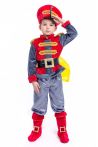 «Комарик-гусарик» карнавальный костюм для мальчика - 2143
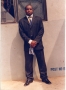 Clarencejr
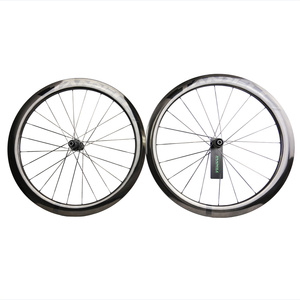 OEM <span class=keywords><strong>Precio</strong></span> al por mayor <span class=keywords><strong>Ruedas</strong></span> de bicicleta de <span class=keywords><strong>carretera</strong></span> LEGER 50 Ligero 1260G +/-20g 700c Center Lock Hub <span class=keywords><strong>Ruedas</strong></span> de carbono para bicicleta de <span class=keywords><strong>carretera</strong></span> - Product Image 2
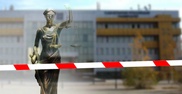Казахстанско-Российский университет закрыли в Астане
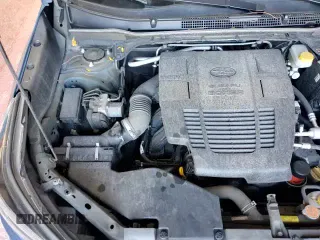 2021 Subaru Forester with VIN JF2SKADC5MH413540, listed as a Copart auction lot 82480255 with 60,507 mi miles and Salvage title. Bid and sale history available at DreamBid. Image 16.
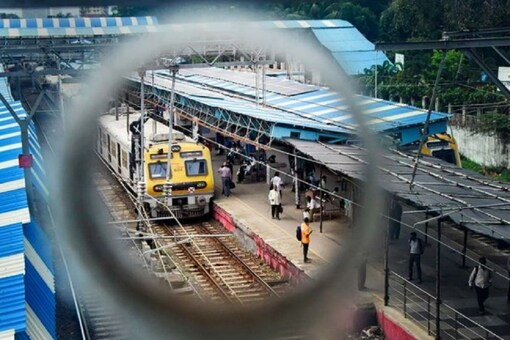 Major Accident Averted After Train Moves in Reverse Direction for Few  Kilometers in Uttarakhand
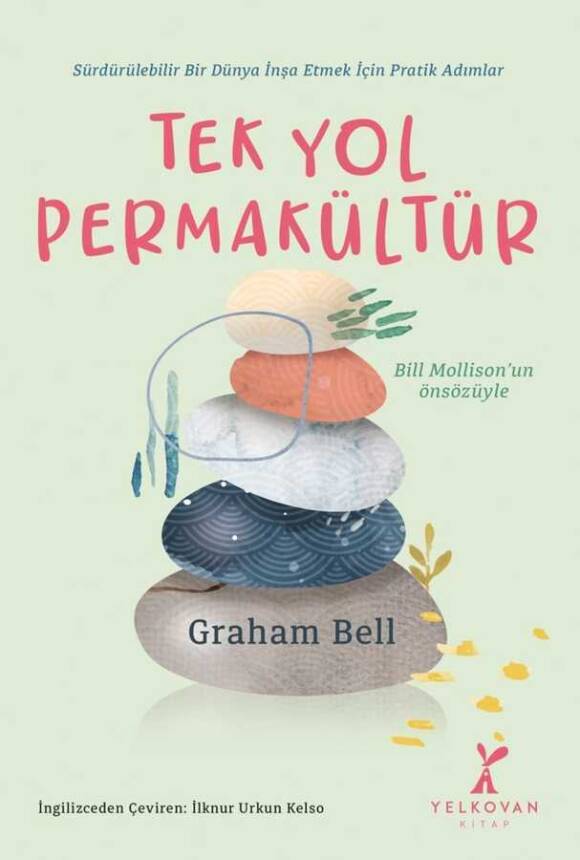 Tek Yol Permakültür - 1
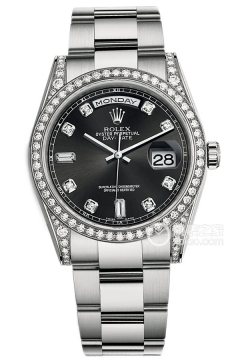 Rolex DAY-DATE m118389-0027(m1183890027) <em>watch</em>
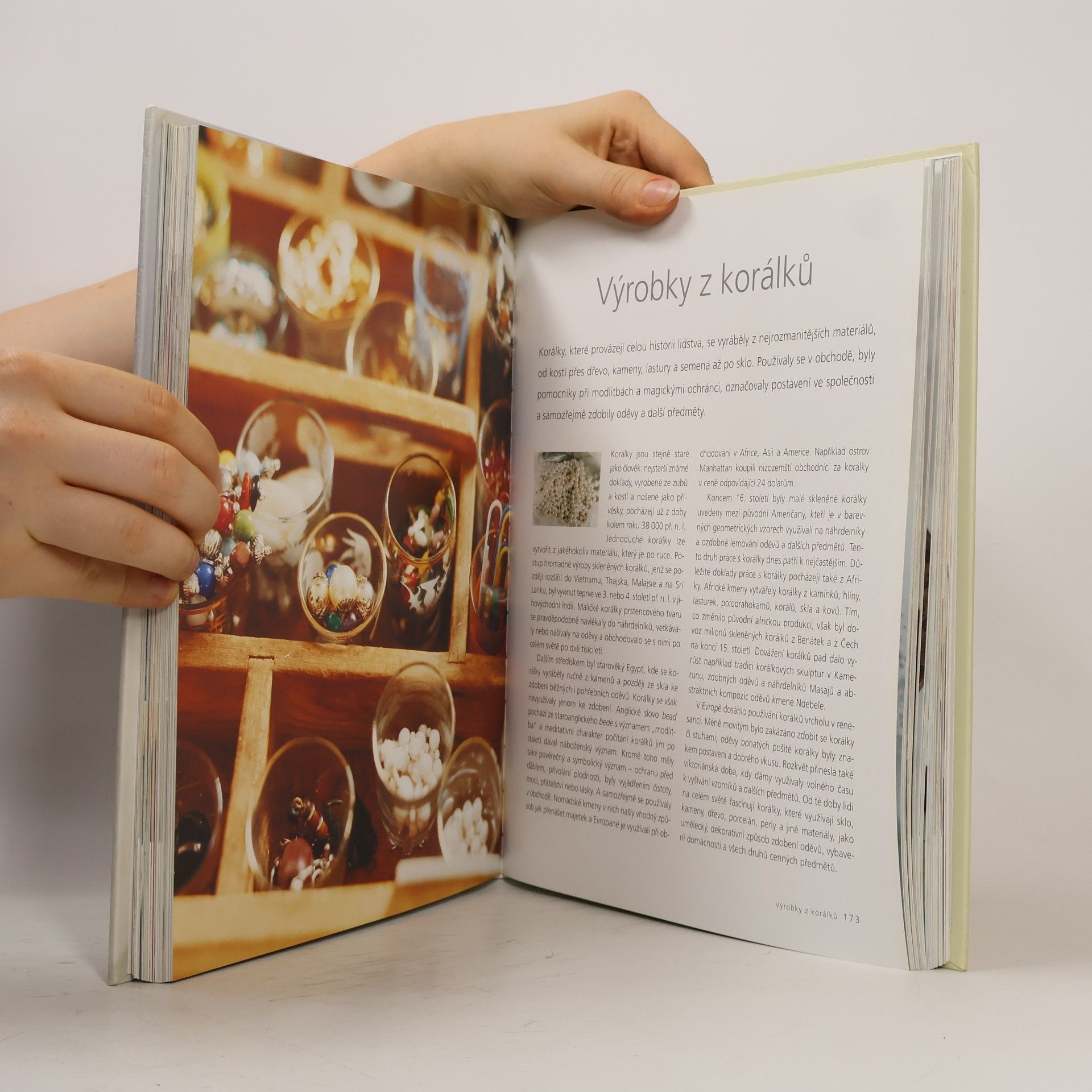 Katherine Sorrell Kouzlo domova: Domácí škola uměleckých řemesel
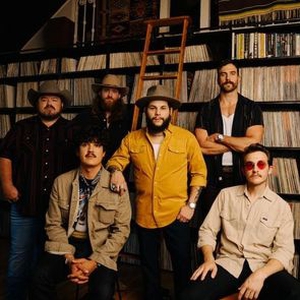 Flatland Cavalry @ Capitol Theater – Davenport, IA
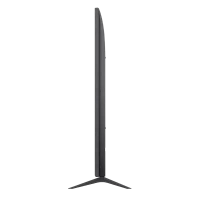 75" Nanocell SMART TV LG 75NANO81A6A, 3840x2160 4K UHD, webOS, Negru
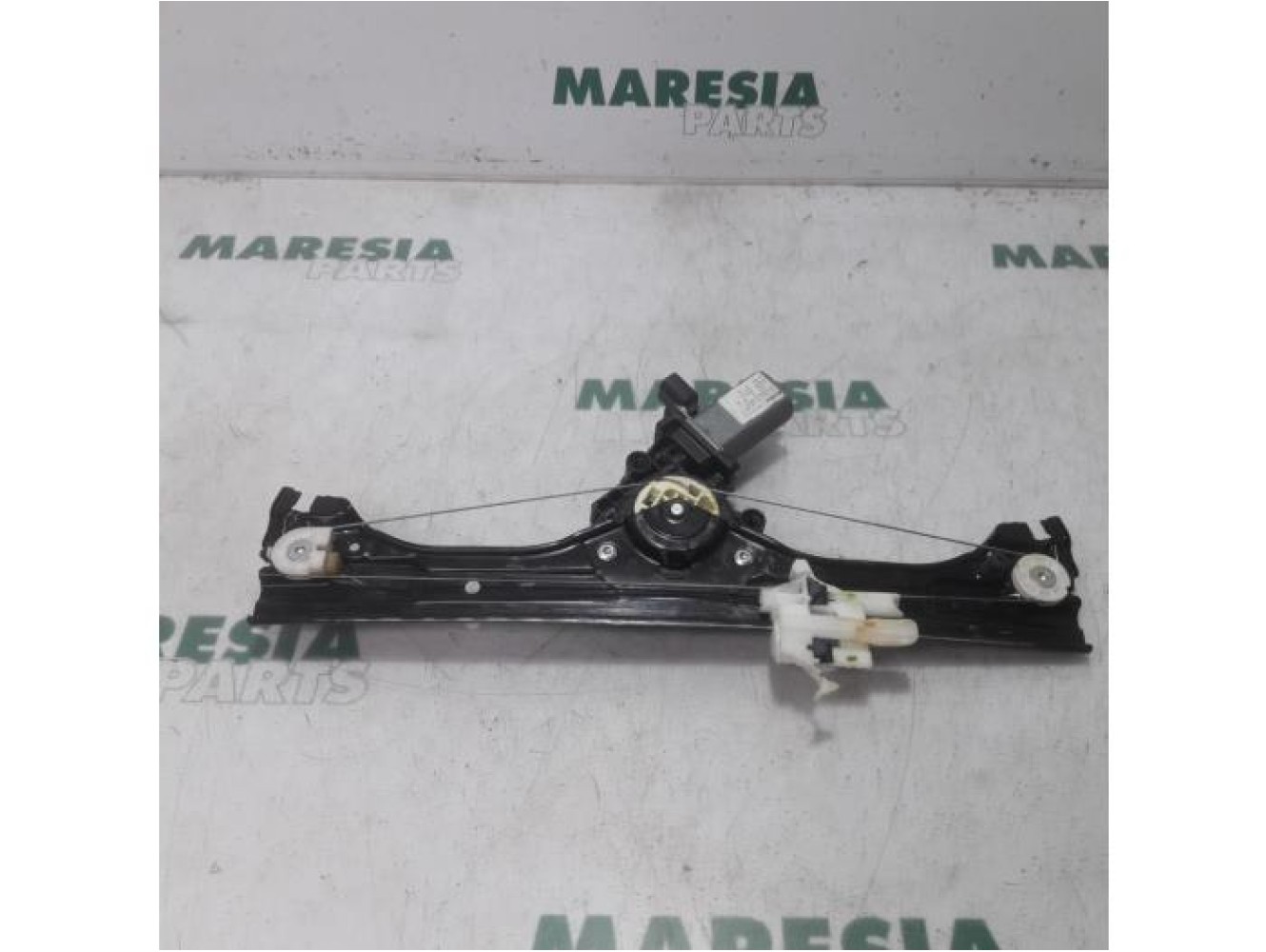 Fiat - 500 - Window mechanism 2-door, front left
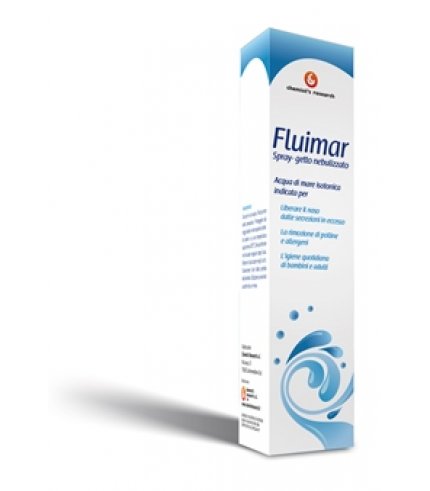 FLUIMAR SPRAY 125ML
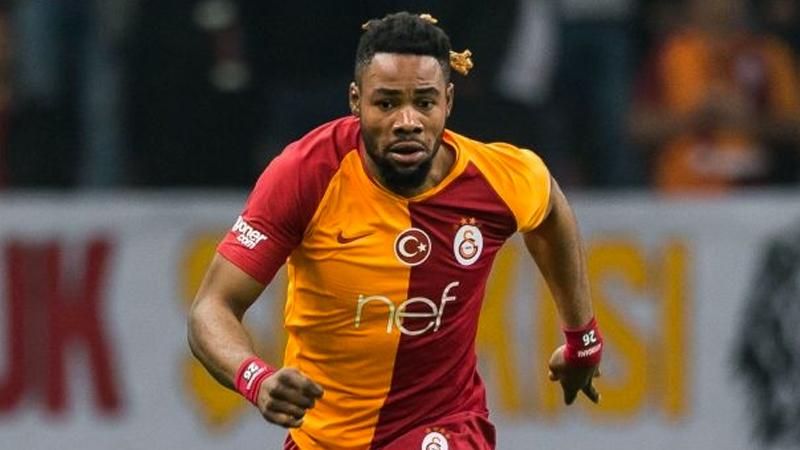 Galatasaray, Luyindama transferini KAP'a bildirdi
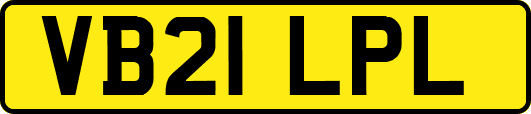 VB21LPL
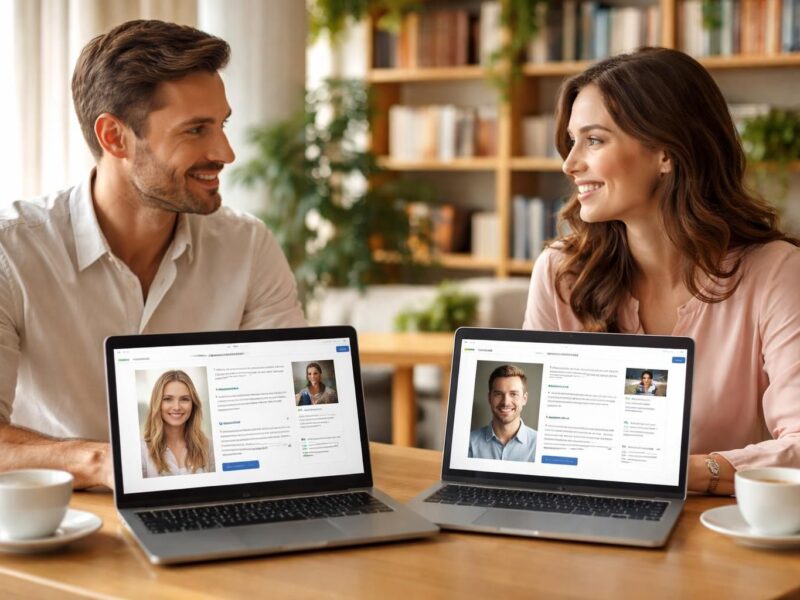 Les astuces pour maximiser vos chances sur le meilleur site de rencontre sérieux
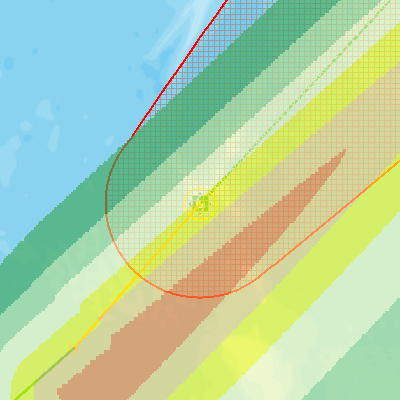 Summary Map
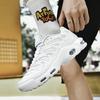 Кроссовки унисекс на воздушной подушке, кроссовки для бега, дизайнерская обувь, роскошная обувь, женская обувь для фитнеса, бега, спортивная обувь для баскетбола, нескользящие мужские кроссовки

—————

EXERCISE: Only the lines from the one containing "UHD, webOS, Negru" through the end of the records above should be retyped, exactly as they stand, with any pictures left out.

EXERCISE ANSWER:
 75" Nanocell SMART TV LG 75NANO81A6A, 3840x2160 4K UHD, webOS, Negru
 Fiat - 500 - Window mechanism 2-door, front left
 FLUIMAR SPRAY 125ML
 Galatasaray, Luyindama transferini KAP'a bildirdi
 VB21LPL
 Les astuces pour maximiser vos chances sur le meilleur site de rencontre sérieux
 Summary Map
 Кроссовки унисекс на воздушной подушке, кроссовки для бега, дизайнерская обувь, роскошная обувь, женская обувь для фитнеса, бега, спортивная обувь для баскетбола, нескользящие мужские кроссовки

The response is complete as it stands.